Ex-US Amateur Golf Champ Spins Some Tales

By Associated PressAugust 18, 2007, 4:00 pm
US Amateur 2007 ERMA, N.J. -- Robert 'Skee' Riegel spins a tale almost as deftly as he once spun a golf ball.
There's the story about his first golf lesson from a 350-pound chef, and his yarn about a frantic search of the Queen Elizabeth cruise liner when it was thought he had fallen overboard during a victory celebration after the 1947 Walker Cup.
But his storytelling is secondary to his golf. Riegel swept through eight matches and captured the 1947 U.S. Amateur at Pebble Beach and had an unbeaten record in two Walker Cups -- all at a time when amateur golf was at its peak.
'He's a golfer that was at his best on great golf courses in a great golf era,' said Bob Mullock, a longtime friend and owner of Cape May National Golf Club, where Riegel is pro emeritus.
As a field of 312 awaits this year's U.S. Amateur at The Olympic Club in San Francisco on Monday, the 92-year-old Riegel believes the championship has lost some luster.
'In those days, it was something,' said Riegel, who treasured the perks of the title, including a place in the Masters field. 'Today, I don't know, because there is all kinds of stuff, junior tournaments, super junior events. It should be a big deal, but I'm not sure it is.'
The Amateur has had its unexpected winners, and Riegel might be the most unlikely because of his unconventional start in the game and improbable 2-and-1 victory over Johnny Dawson in the title match 60 years ago.
Born in New Bloomfield, Pa., outside Harrisburg, Riegel grew up in the blue-collar Philadelphia suburb of Upper Darby.
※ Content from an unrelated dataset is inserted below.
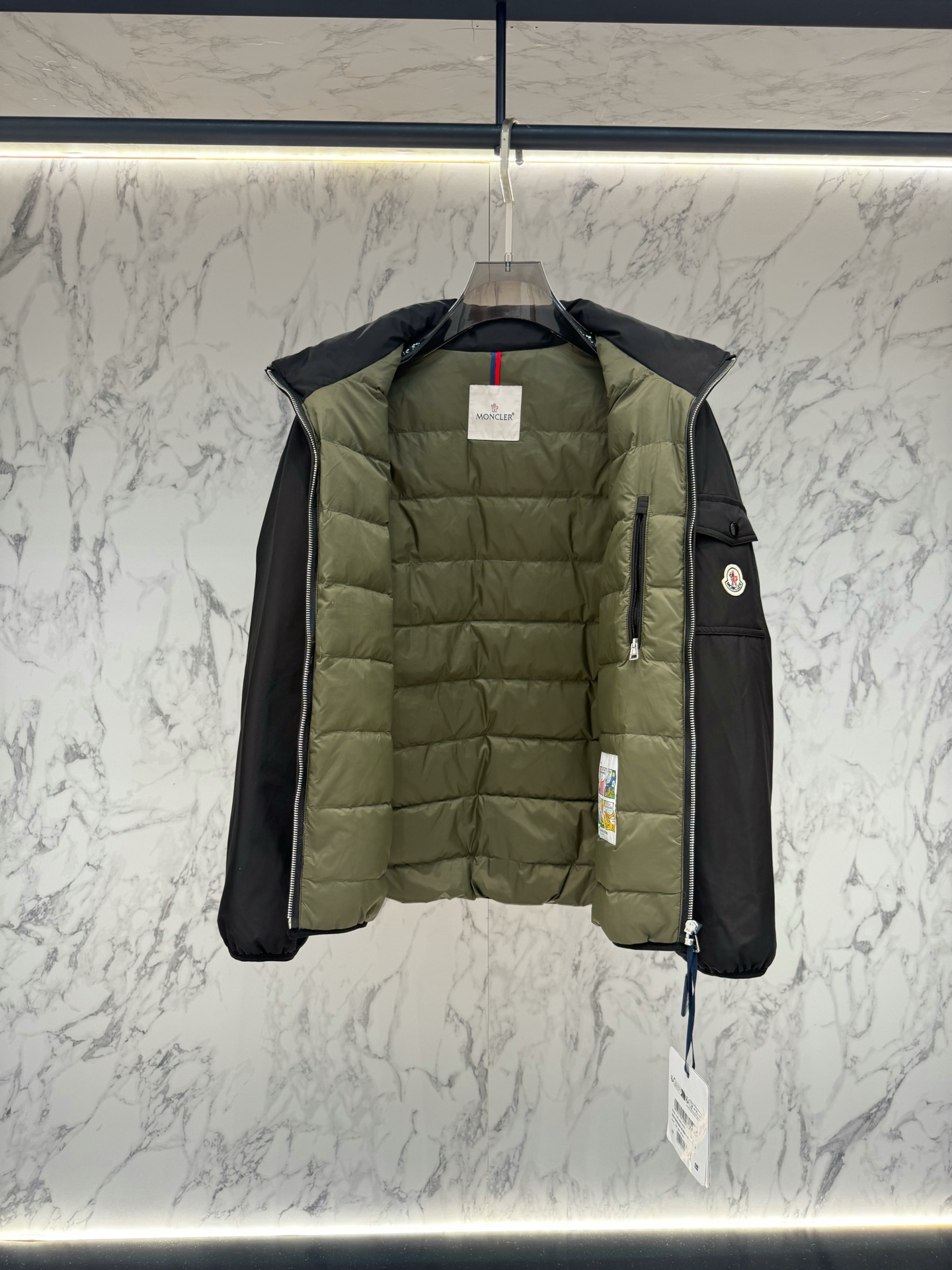 Áo Khoác Moncler_thumbnail_6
He didn't think much of golf, or those who played it. He favored football and baseball.
Riegel spent time at nearby Merion Cricket Club -- where Bobby Jones won his first U.S. Amateur in 1924 and completed the Grand Slam in 1930 -- trapping turtles or flying model airplanes, not hitting drivers or wedges.
'I had no interest in golf because the guys who were interested in golf were a little strange, I thought, a little weird,' he said.
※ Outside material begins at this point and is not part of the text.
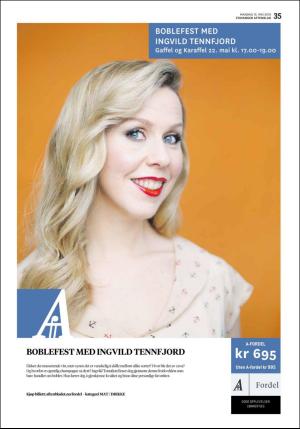 aftenbladet-20190513_000_00_00_035.pdf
But years later a $2 lesson changed his thinking and his life. He was introduced to the game at a club in Reno, Nev., at the urging of his wife, Edith. With the regular pro out of the country, a heavyset chef named Ken Johnson gave the 23-year-old his first lesson.
Riegel took it from there.
His time as an Air Force flight instructor at bases in the South during World War II gave Riegel spent plenty of time to work on his game.
He developed a powerful swing that carried him to victory in the 1942 Florida Amateur. Four years later, he was the stroke-play medalist at the U.S. Amateur at Baltrustrol with a two-round total of 136, a mark that stood for more than 30 years.
A year later, he won the USGA's oldest championship. Six decades have passed, yet Riegel remembers all the details.
'It was so foggy at one point I couldn't see the ball,' he said. 'And that was good for John (Dawson) because he knew the course.'
The scheming and long-hitting Riegel, who led 1-up after the first 18 holes, wasn't a fan of 36-holes matches. But he had a plan.
'The first 18, I would let up; I wouldn't hit it far,' he said. 'The second 18, I knew I wasn't tired, and I knew damn well they were tired, and I would slip it by them a bit. It was a little sneaky, but I did it. It was legal.'
Riegel led 2-up with three holes remaining and narrowly missed closing out Dawson on the par-4 16th.
At the 35th hole, Pebble's storied par-3 17th, Riegel purposely left his tee shot short of the bunker, and then chipped on. Meanwhile, Dawson figured Riegel had used two clubs less, and flew the green. Then, he dumped his second shot.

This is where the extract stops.